Is there a way to say that if you have x number of services all failing to either send only one notification for all of them (if the groups are the same) or have it test to see if the host is up, and only send the host down message?

I thougth I had everything working the way I wanted then did a reboot, and got a lot of email :frowning:


#2

you should either setup host/service dependancies or define parents in your hosts.cfg file.
You see, if nagios makes a check of a service and it fails, it then checks to see if the parent is down. If the parent fails, it checks it’s parent and so on, until it finds a parent that is “UP”. So now nagios knows, that the problem is not every single host, but just one host that is blocking all the others from working. So now, since your contacts.cfg says you only want c, w, r you don’t get the “unreachable” emails. But since you don’t have it setup like that, then how would nagios know what is important and what is not?

I fail to see the case that our httpd server is going to go down at the same time as the other server running ftp. If it does, then surely you want to know this don’t you? If the problem is not actually the ftp or httpd server but only a network problem, then why haven’t you defined your network as part of nagios? Nagios is not just to monitor a bunch of PC’s. Those pcs are plugged into the netork, so you should be monitoring that also.

If you have setup your nagios the way I"ve described in dozens of threads in this forum, like the “adding switches” then you won’t have the problem you describe.

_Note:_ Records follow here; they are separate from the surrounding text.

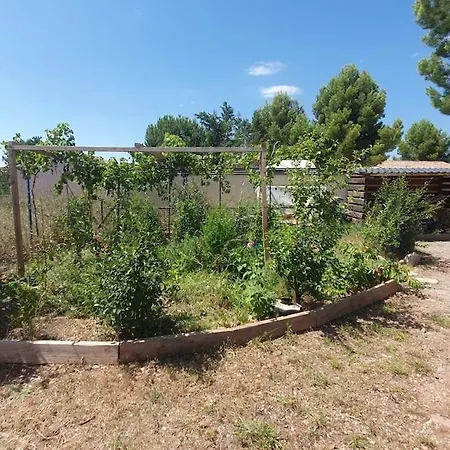 Maison Familiale Avec Grande Piscine * Canet (Herault)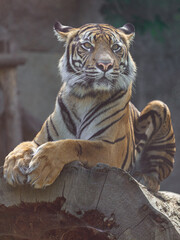 Sumatran tiger
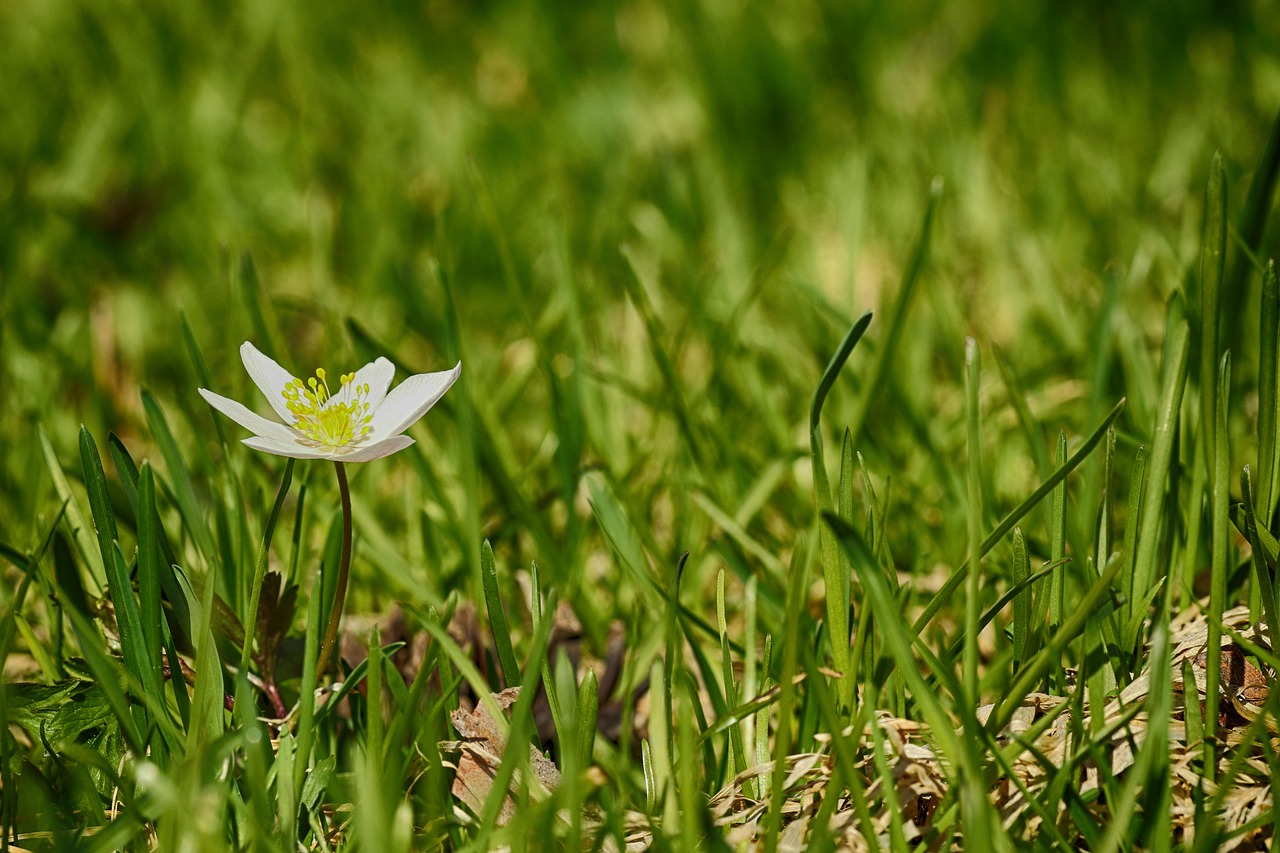 anemones  flower  grass free photo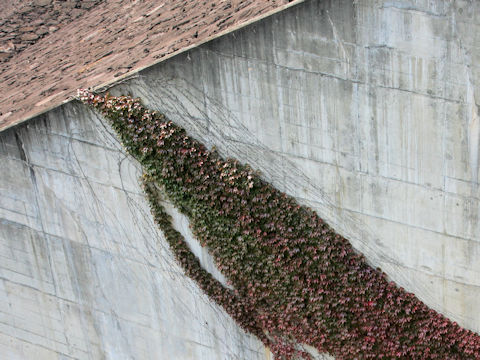 Parthenocissus tricuspidata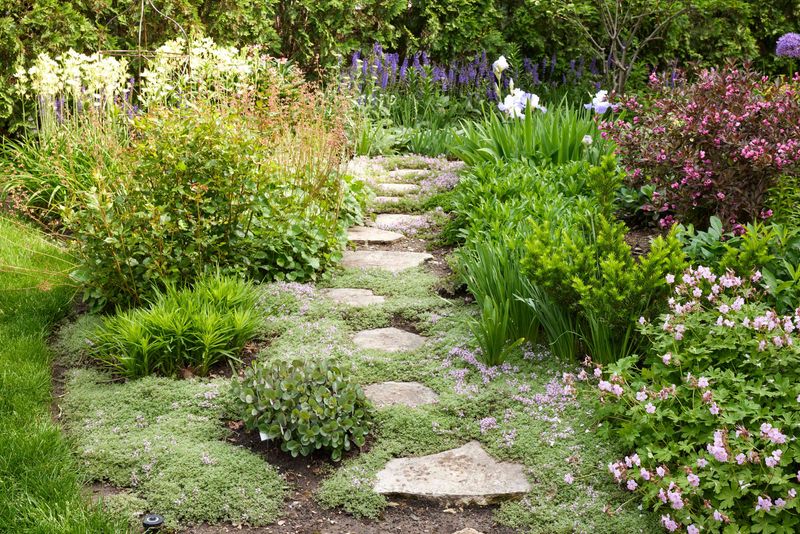 Winding Garden Pathway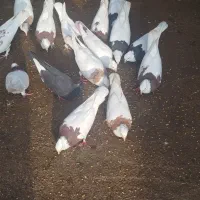 فروشی|پرنده|گتوند, |دیوار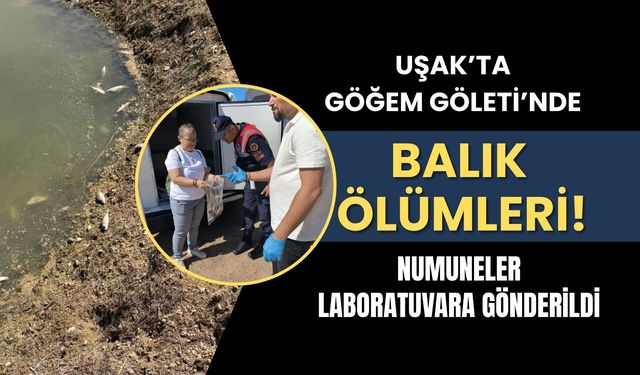 Uşak’ta Göğem Göleti’nde Balık Ölümleri! Numuneler Laboratuvara Gönderildi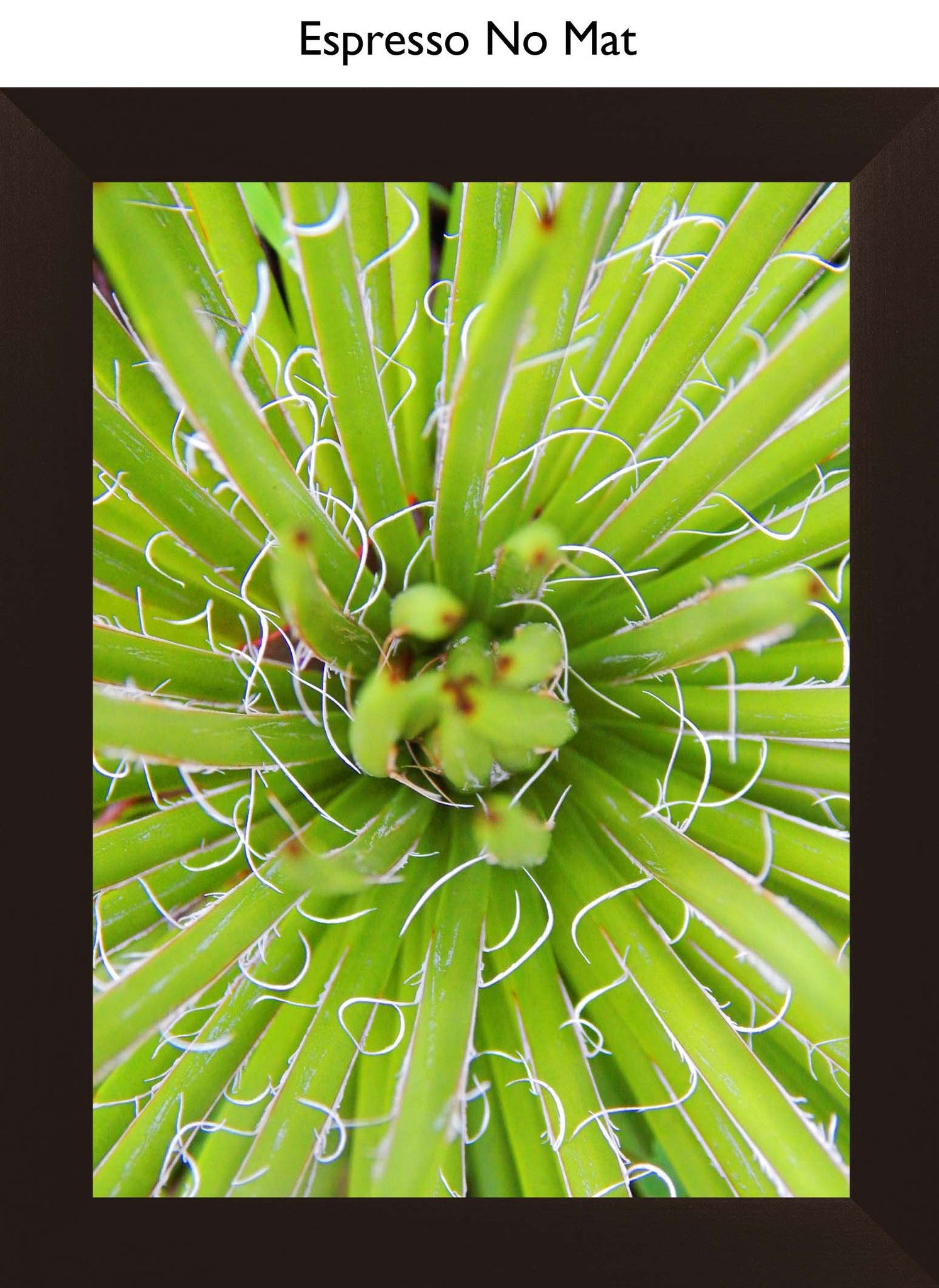 Espresso No Mat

But to answer your question flat out, NO. Nobody is going to want a tool like nagios, that will only send out one email when 12 hosts are down, if in fact there are 12 problems. But, if there is actually only ONE problem, but it is blocking 11 other hosts from working, then that is due to you not configuring nagios as I’ve described.


#3

ps, why would a reboot show all of your hosts down? Did the checks actually fail? They must have failed since you got alerts. Does it show this behavior each and every time you reboot?
If so, change nagios.cfg
retain_state_information=1
state_retention_file=/usr/local/nagios/var/status.sav
use_retained_program_state=1